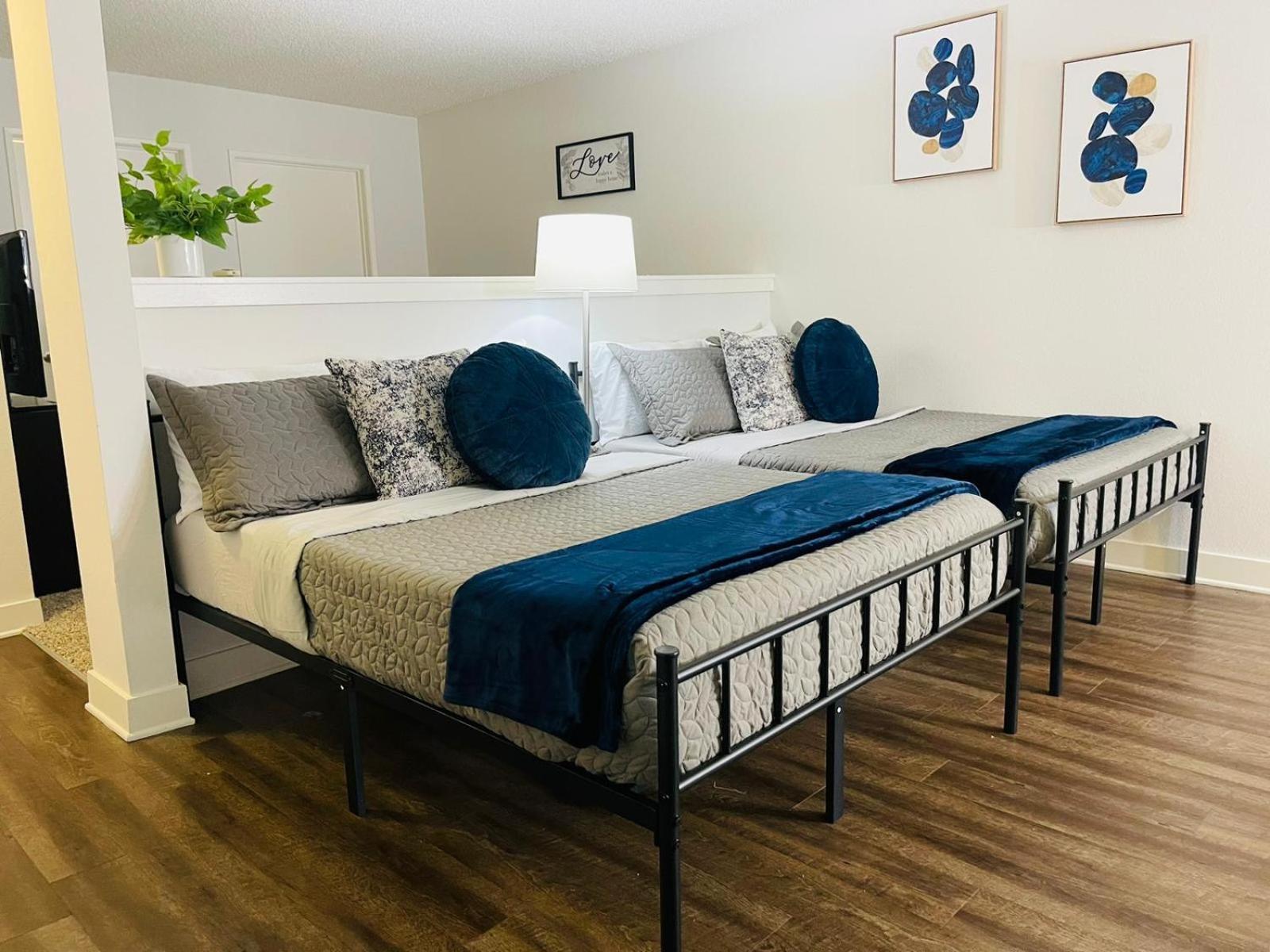 Hollywood Blvd Apartment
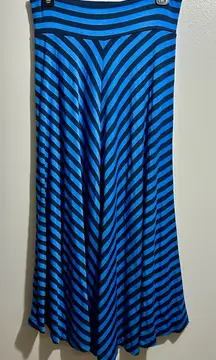 Kenneth Cole Vibrant Blue and Black Maxi Skirt (603)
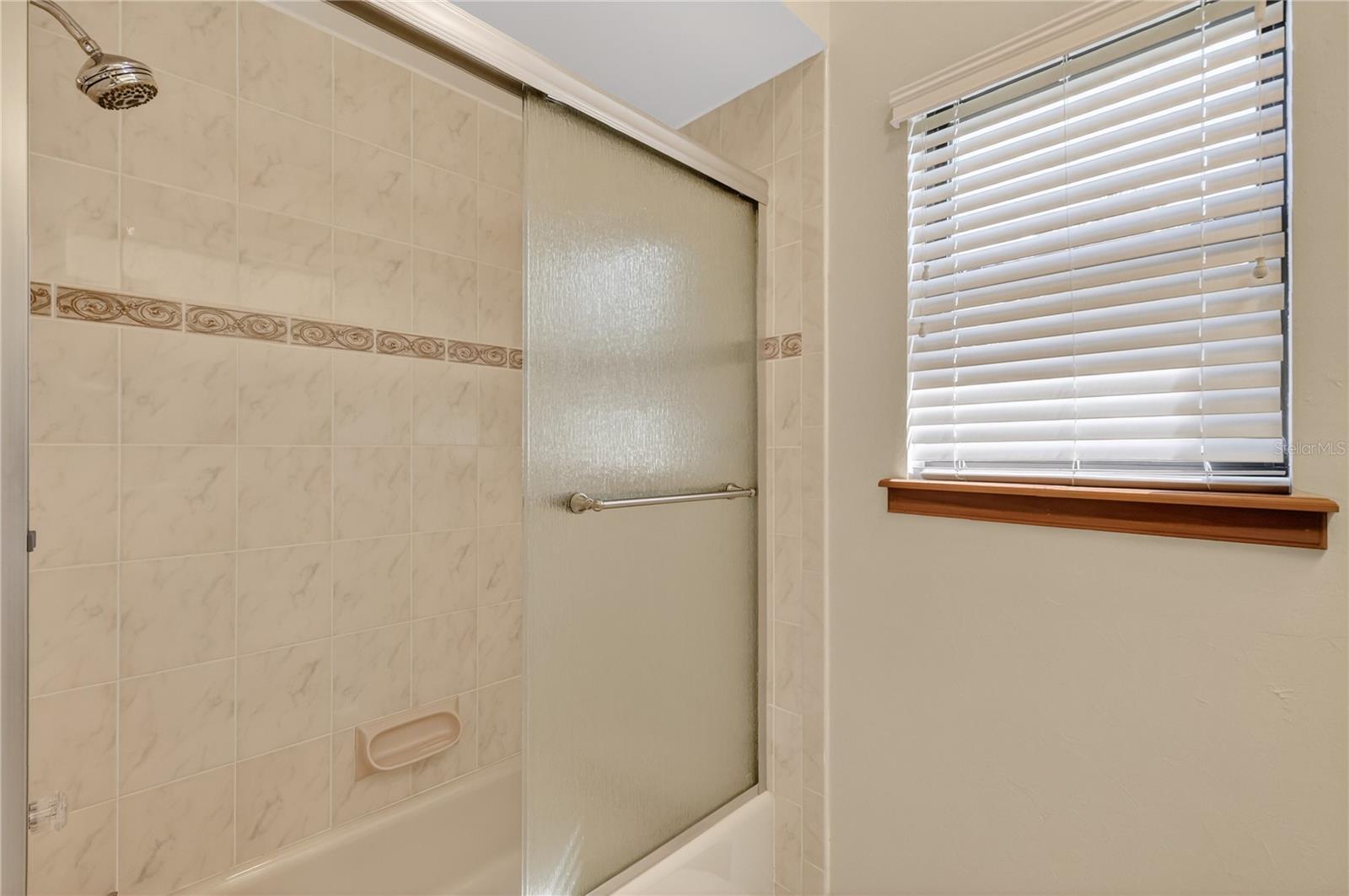 16238 E SHIRLEY SHORES RD, TAVARES, FL, 32778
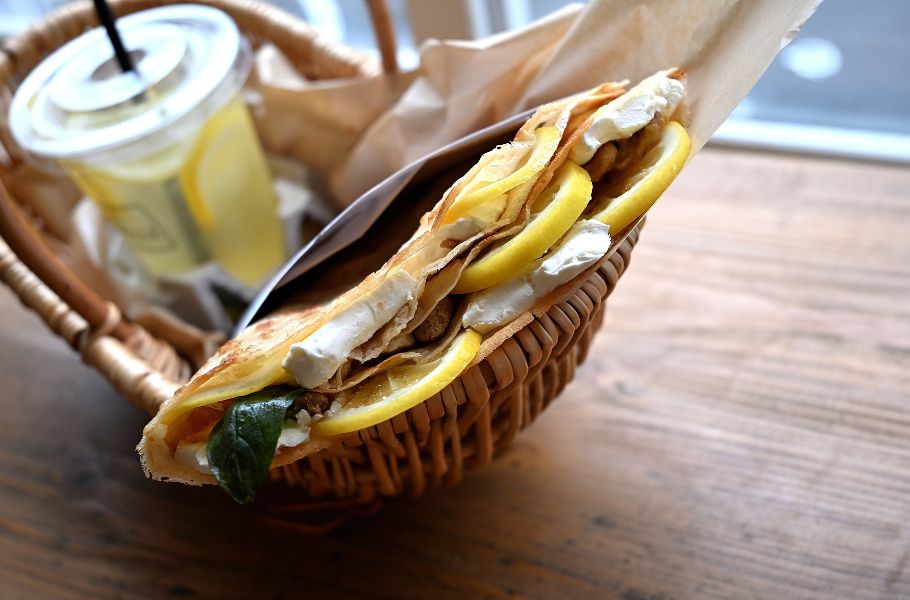 ワインと楽しむ“イタリアンクレープ”という新ジャンルに驚き！神戸・栄町通に現れた大人のクレープ「CAFFÉ CRESPELLE（カフェ クレスペッレ）」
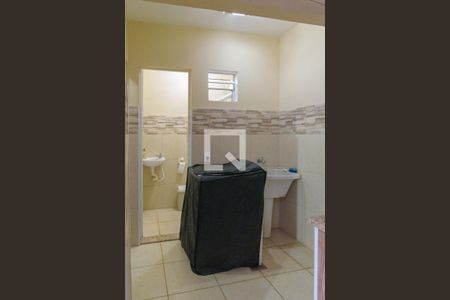 Casa à venda com 290m², 3 quartos e 4 vagas Casa à venda com 290m², 3 quartos e 4 vagasÁrea de Serviço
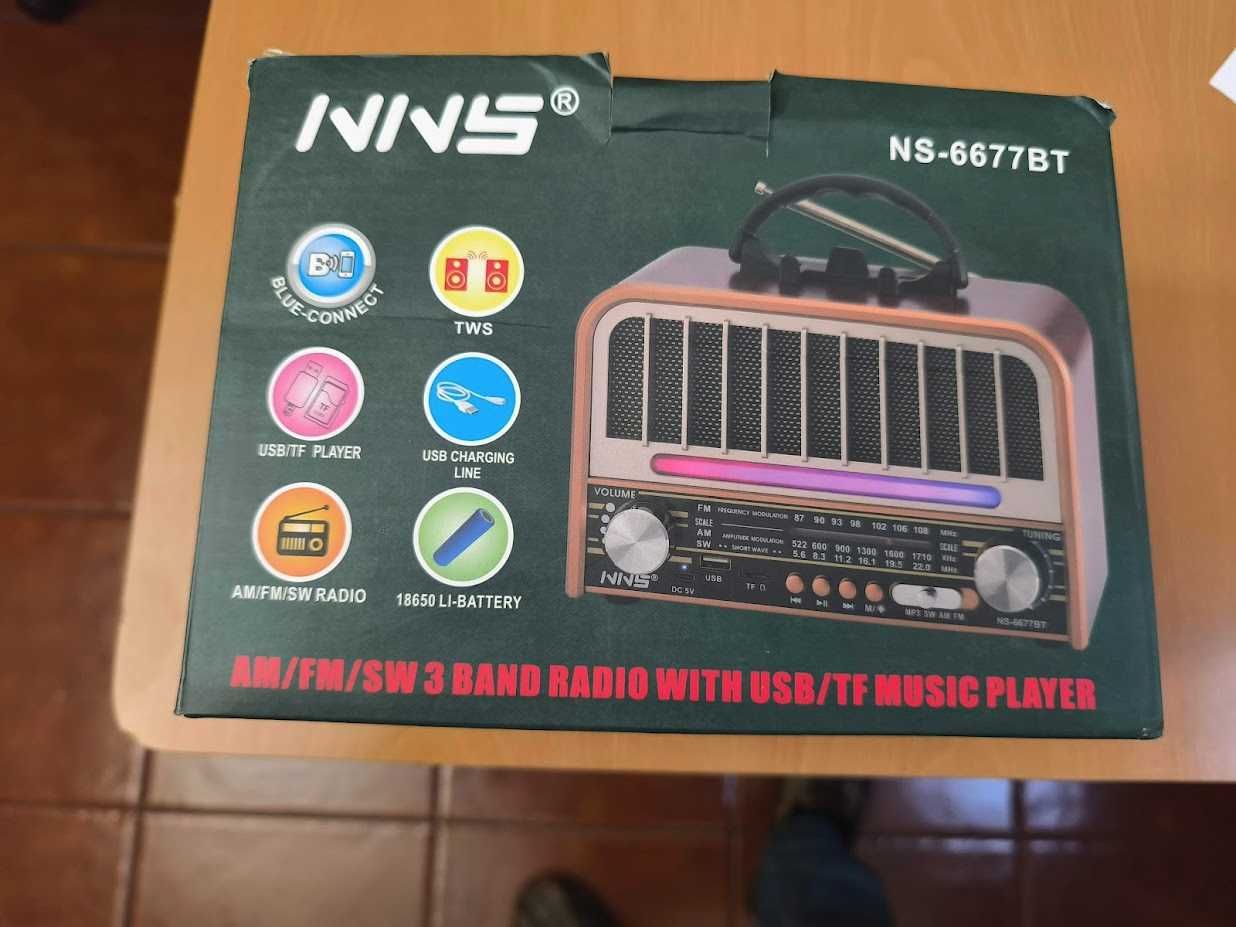Rádio com várias funcionalidades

————————

Reproduce the material word for word. Any pictures should be left out of the copy.

 Hollywood Blvd Apartment
 Kenneth Cole Vibrant Blue and Black Maxi Skirt (603)
 16238 E SHIRLEY SHORES RD, TAVARES, FL, 32778
 ワインと楽しむ“イタリアンクレープ”という新ジャンルに驚き！神戸・栄町通に現れた大人のクレープ「CAFFÉ CRESPELLE（カフェ クレスペッレ）」
 Casa à venda com 290m², 3 quartos e 4 vagas Casa à venda com 290m², 3 quartos e 4 vagasÁrea de Serviço
Rádio com várias funcionalidades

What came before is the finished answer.